Including “economic fatherhood” as a variable not only invalidates Levitt’s claim but reverses it. As far back as data exist, rates of economic fatherhood and homicide have been strongly, inversely “cointegrated”–a stringent statistical test characterizing inherently related events, like the number of cars entering and leaving the Lincoln Tunnel. Donohue and Levitt’s correlation is thus shown to be a “spurious regression,” which was misspecified by omitting a crucial variable: the one describing Augustine’s personal “distribution function.”  [Slide 11 Legalizing abortion didn’t lower homicide rates 15-20 years later by eliminating infants who might, if they survived, have become murderers: it raised the homicide rate almost at once by turning their fathers back into men without dependent children–a small but steady share of
whom do murder. The homicide rate rose sharply in the 1960s and ’70s when expanding welfare and legal abortion sharply reduced economic fatherhood, and it dropped sharply in the ’90s partly due to a recovering birth rate, but mostly because welfare reform and incarceration raised the share of men outside prison who were supporting children. This scenario didn’t occur to Levitt not because of a lack of ingenuity or data but because of the inherent weakness of the theory he was trying to apply, which Nobel Prize-winning economists George J. Stigler and Gary S. Becker, Levitt’s mentor, called the “economic approach to human behavior.” Levitt was unable to see the true correlation between abortion and crime because he was among the first victims of the epic change in the teaching of economics orchestrated by Stigler, with Becker’s support.

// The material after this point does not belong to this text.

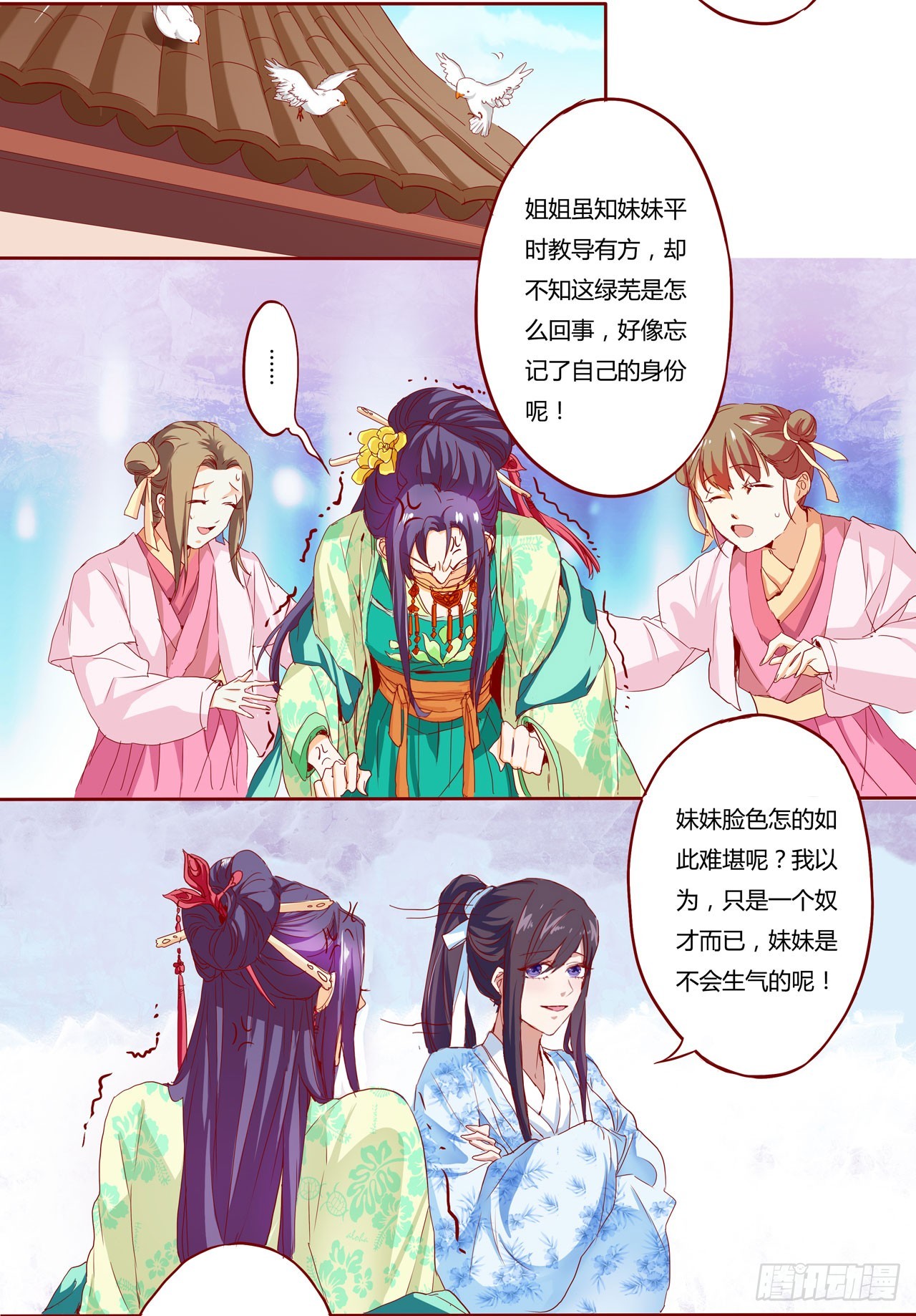 第4话-第4话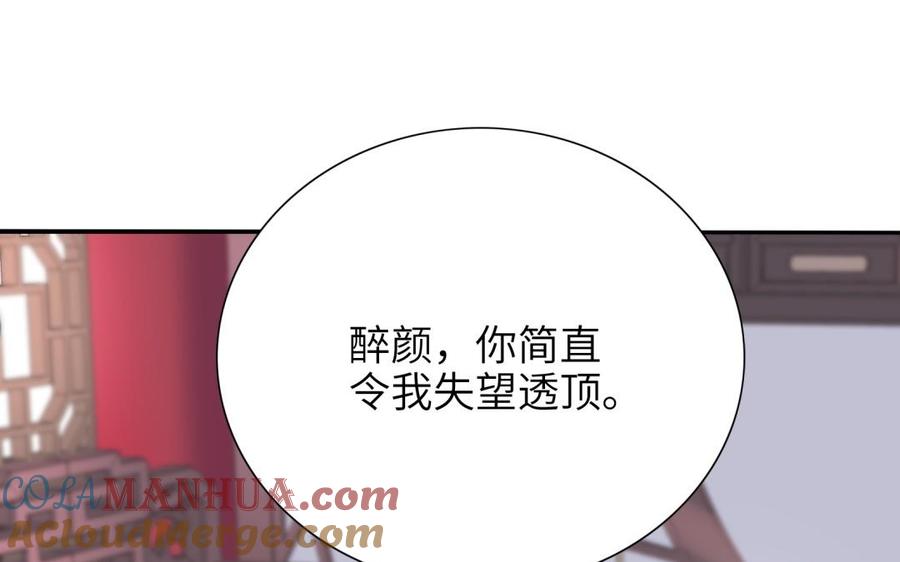 《朕的皇后有问题》第66话 我不认识你了 第45页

The choice of 1776. [Slide 12] What I call “Smythology” (with two  y’s) is the myth that Adam Smith invented or is somehow indispensable to understanding economics. By far the most influential piece of “Smythology” was Milton Friedman’s linking in Free to Choose of “two sets of ideas–both, by a curious coincidence published in the same year, 1776…. the economic principles of Adam Smith…and the political principles expressed by Thomas Jefferson.” Like many other conservatives I found Friedman’s argument persuasive and incorporated it into my own views, until I discovered that the “choice of 1776” was actually a divergence, not a convergence, and of three, not two world views. The third event of 1776 was the death of David Hume.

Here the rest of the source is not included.